When should Node.js be used?SERVER WEB APPLICATION FOR WHICH RELATIONAL DATABASE IS LOCATED
Comparing Node.js plus Express.js with Ruby on Rails, we confidently choose the second option when it comes to accessing relational data.
The relational database tools for Node.js are still in their infancy, and working with them is rather unpleasant. On the other hand, Rails automagically configures data access right at installation, plus it provides tools to support database schema migrations and other Gems. Rails and related frameworks have mature and proven implementations of access to the data layer (Active Record or Data Mapper), which you will be sorely lacking if you try to reproduce such a construct in pure JavaScript. [*]
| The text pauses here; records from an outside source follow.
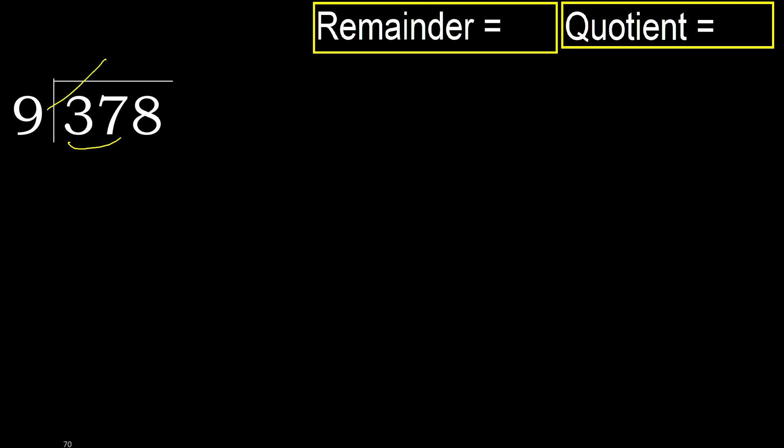9 multiplied by which number is nearest to 37, but not greater? 9 multiplied by 5 is 45. 45 is greater. Multiply by 4. 36 is not greater, okay.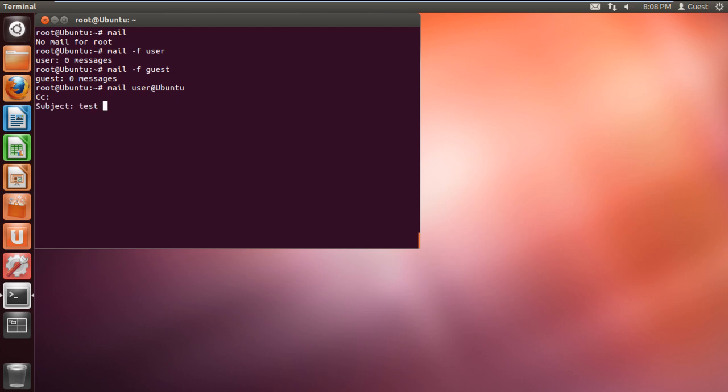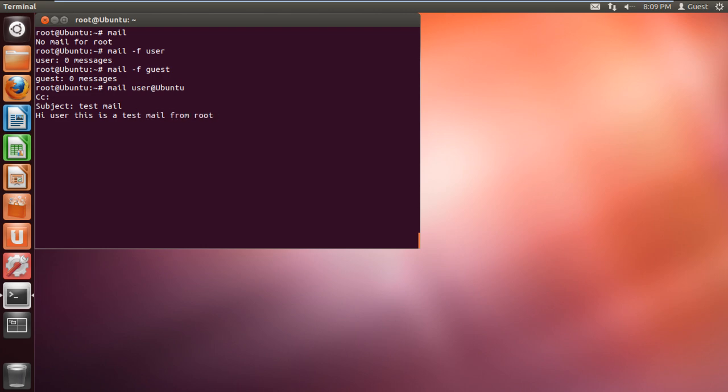Next you will be asked to write the subject for the email. With that done you will be required to type the actual message you want to send out. Remember to press the control D key at the end once you have typed the message. With that done the message will be sent via the command line only.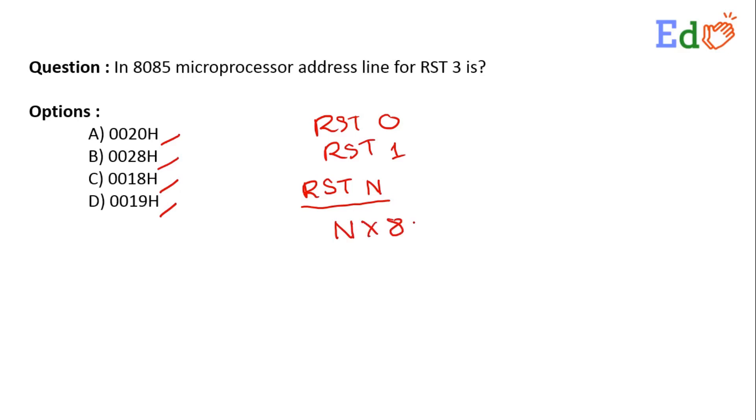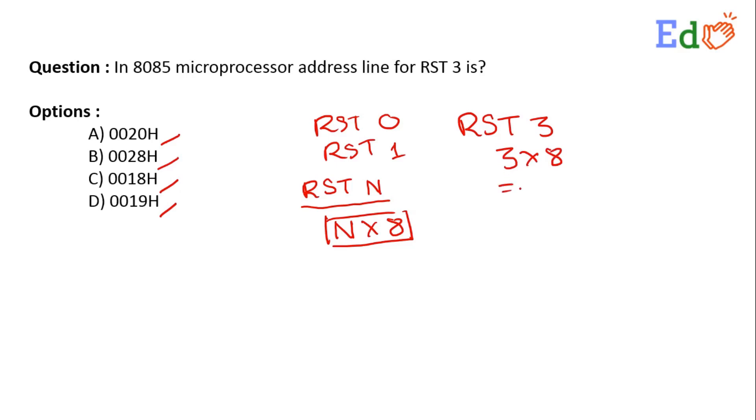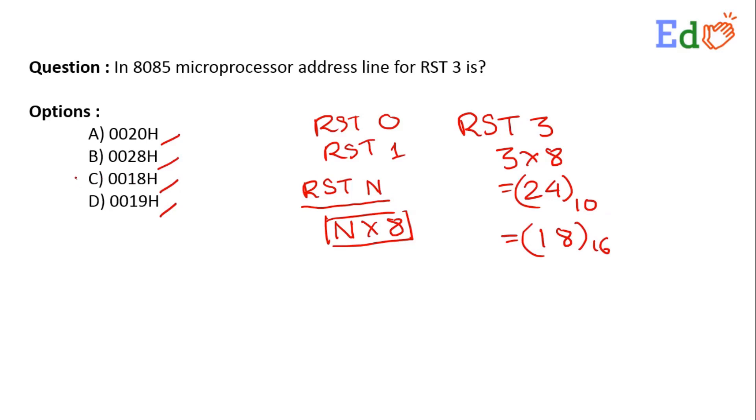This address will be that specific address. Now, in this question we have RST 3, that means we have to multiply 3 by 8. So the answer is 3 into 8 equals 24, and that is in decimal. If you convert to hex, that will be 18. So the answer is option C: 0018 hex.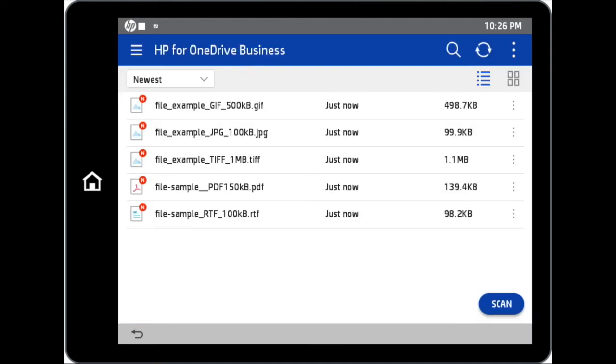Now, we can view, print or scan any document into our OneDrive Business account seamlessly.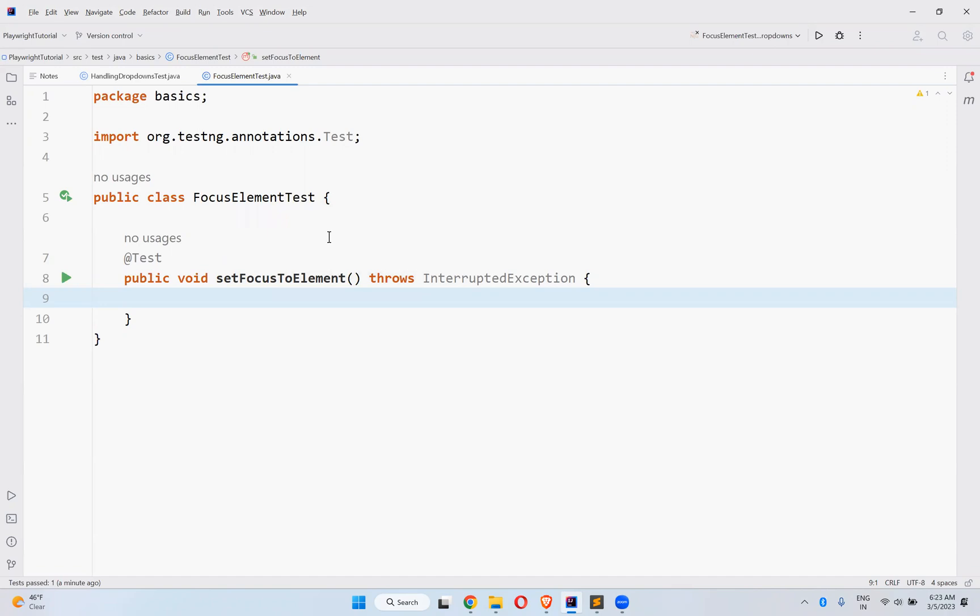How to set a focus to a particular element the moment when you launch your browser or while automating any test case.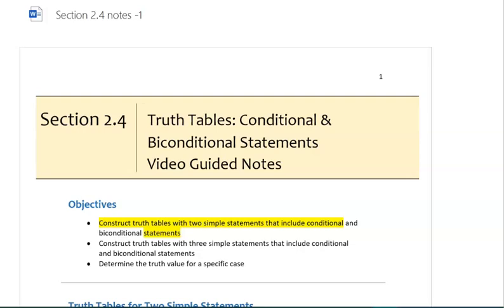Section 2.4: Truth Tables — Conditional and Bi-Conditional Statements, Video 1. In this video, we will cover the following objective: construct truth tables with two simple statements that include conditional statements.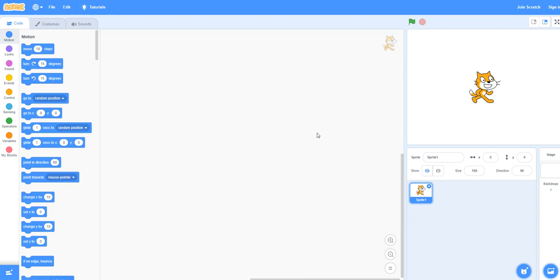To begin, we will need to add some additional blocks to Scratch, as the text-to-speech blocks that we require are part of an extension.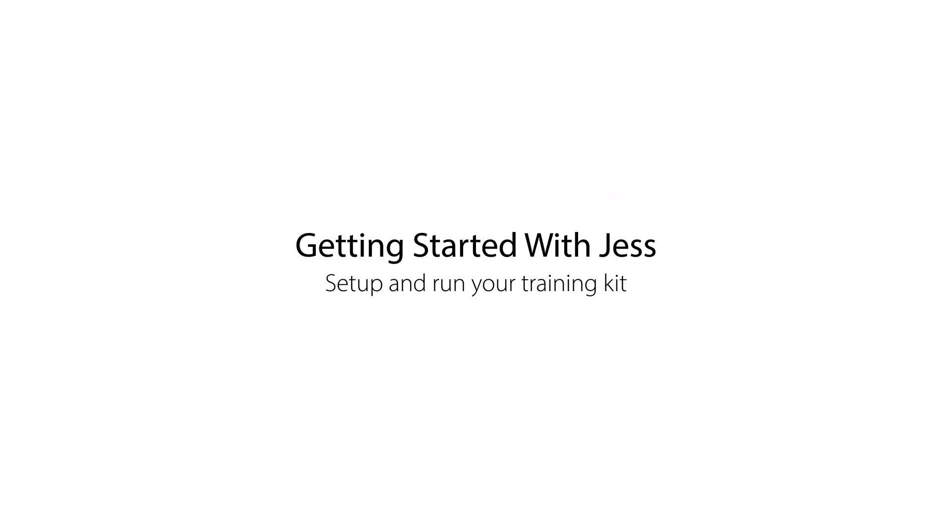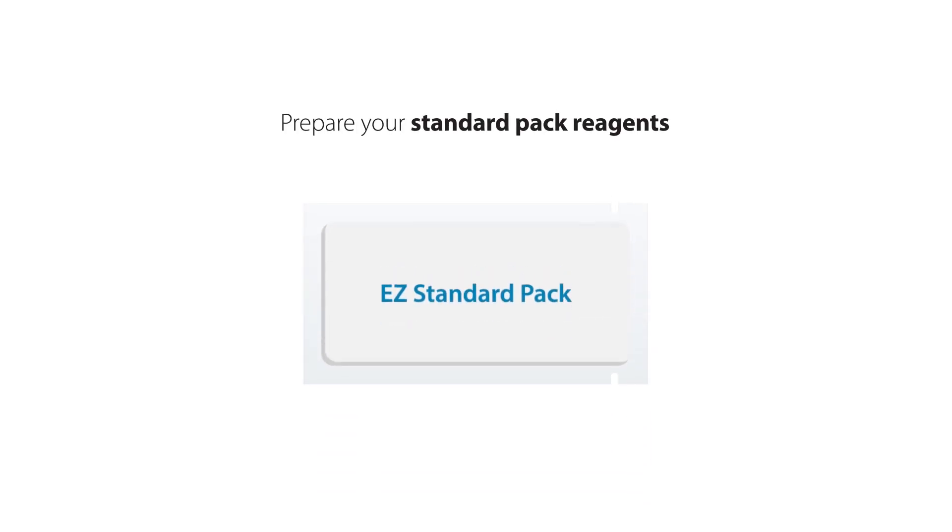We're going to teach you how to set up and run your training kit on Jess. Start by preparing your standard pack reagents.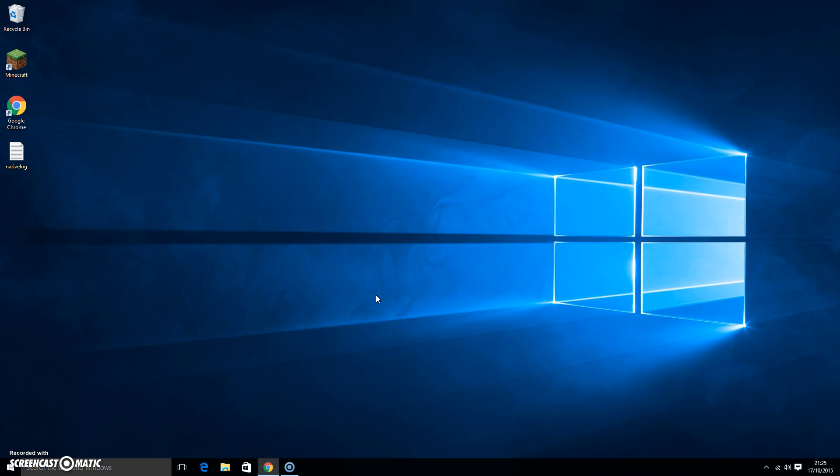So I went on to my Task Manager and I double clicked on the program again or Movie Maker again, and I could see Movie Maker was popping up in Task Manager for about two seconds and then disappearing again.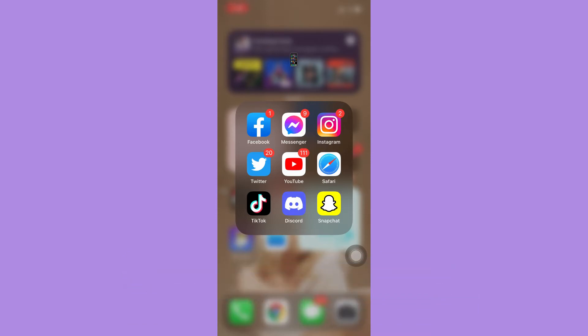The very first step is to make sure that your Instagram app is up to date. If not, please go to the App Store or the Google Play Store and update your Instagram app.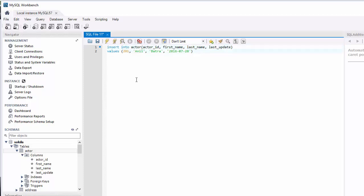Actor ID, actor ID, first name, last name, and last update.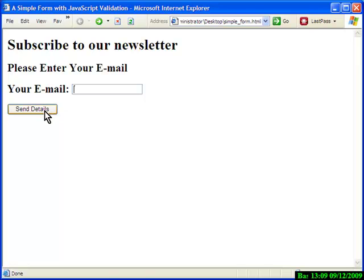Now if a user erroneously just presses the button without putting in valid information, i.e., the email address required, this is what happens.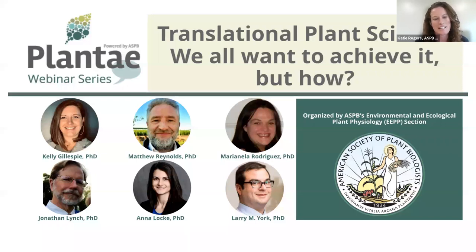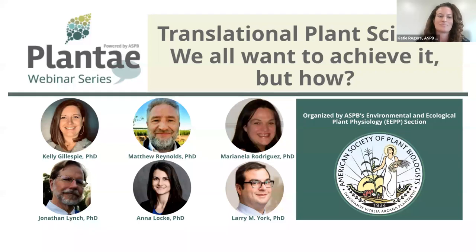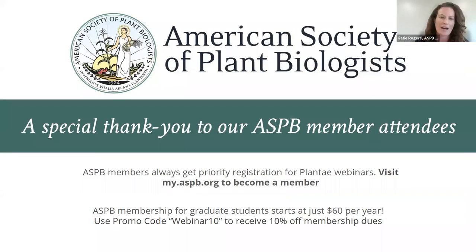Hi everyone, and welcome to today's Plante webinar on Translational Plant Science and How to Achieve It. My name is Katie Rogers, and I'm your host for today's webinar. This webinar series is brought to you by Plante, the open online community for plant scientists, powered by the American Society of Plant Biologists.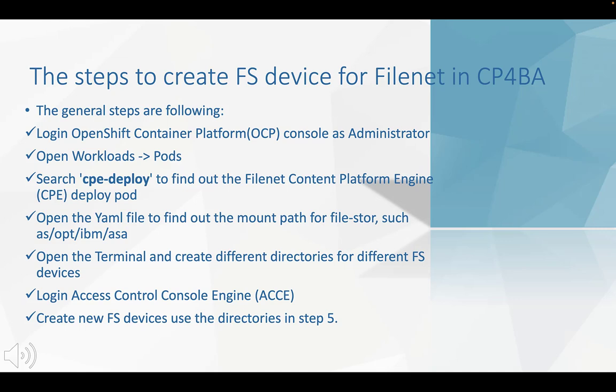Next, we log in ACCE and create FS devices using the directories we created in terminal.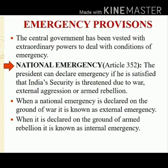On the other hand, when it is declared on the ground of armed rebellion, it is known as internal emergency. This type of emergency has been declared three times in India so far — in 1962, due to a war between India and China, and in 1971 and 1975 due to internal emergency.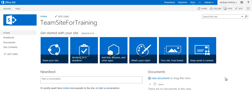Hi, I am Jaydeep Mehta. I'm going to show you in this session how to create a content type and how to attach a content type to a SharePoint list, so that multiple content types can be used with a SharePoint list.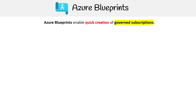Let's take a look at Azure Blueprints. This is a way to enable quick creation of governed subscriptions — the keyword there is 'governed'. So the idea is you can go into your account and just create a subscription, but when it's a governed subscription, that means there's a process and certain expectations on how a subscription should be set up.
Still, if you are firmly committed to doing everything in JavaScript, pay attention to
Sequelize and
Node ORM2 - both tools are not devoid of roughness, but over time they may ripen.
[*] Node can be used exclusively in the client part (and this is often done), and the machine interface can be executed on Rails, thus maintaining easy access to the relational database.
COMPLEX SERVER CALCULATIONS AND PROCESSINGWhen it comes to complex calculations, Node.js leaves much to be desired. Of course, you are not going to program a Node
server for Fibonacci calculations . In principle, any computational operations that heavily load the processor devalue the gain in throughput, which in Node is achieved thanks to event-oriented non-blocking I / O. The point is that any incoming requests will be blocked, while a single stream is busy digesting numbers.
As mentioned above, Node.js is single-threaded and uses only one processor core. You may need to implement competition on a multi-core server, for this the Node kernel development team is already preparing a special cluster module. In addition, you could easily run multiple instances of the Node.js server behind the
reverse proxy using nginx .
When clustering, it is possible to unload all complex calculations into background processes running in a more suitable environment, and to ensure communication between them through a message queue server, for example, RabbitMQ.
Although initially your background processing could run all on the same server, this approach provides very high scalability. Such background processing services can easily be distributed to separate working servers without the need to configure the load on the front-facing web servers.
Of course, such an approach is also appropriate on other platforms, but in the case of Node.js, that same huge bandwidth, which we mentioned above, is acquired, since each request is a small task that is processed very quickly and efficiently.
ConclusionWe discussed Node.js from a theoretical and practical point of view, starting with its goals and purpose and ending with a conversation about all sorts of goodies and pitfalls. If you have problems with Node.js, then remember that they almost always boil down to the following fact:
blocking operations are the cause of all ills . In 99% percent of cases, all problems begin due to misuse of the Node.
Remember: Node.js was never intended to solve the problem of scaling computing. It was created to scale I / O, which really
handles very well .
Why use Node.js? If your task does not involve intensive calculations and access to blocking resources, then you can fully take advantage of Node.js and enjoy fast and easily scalable web applications.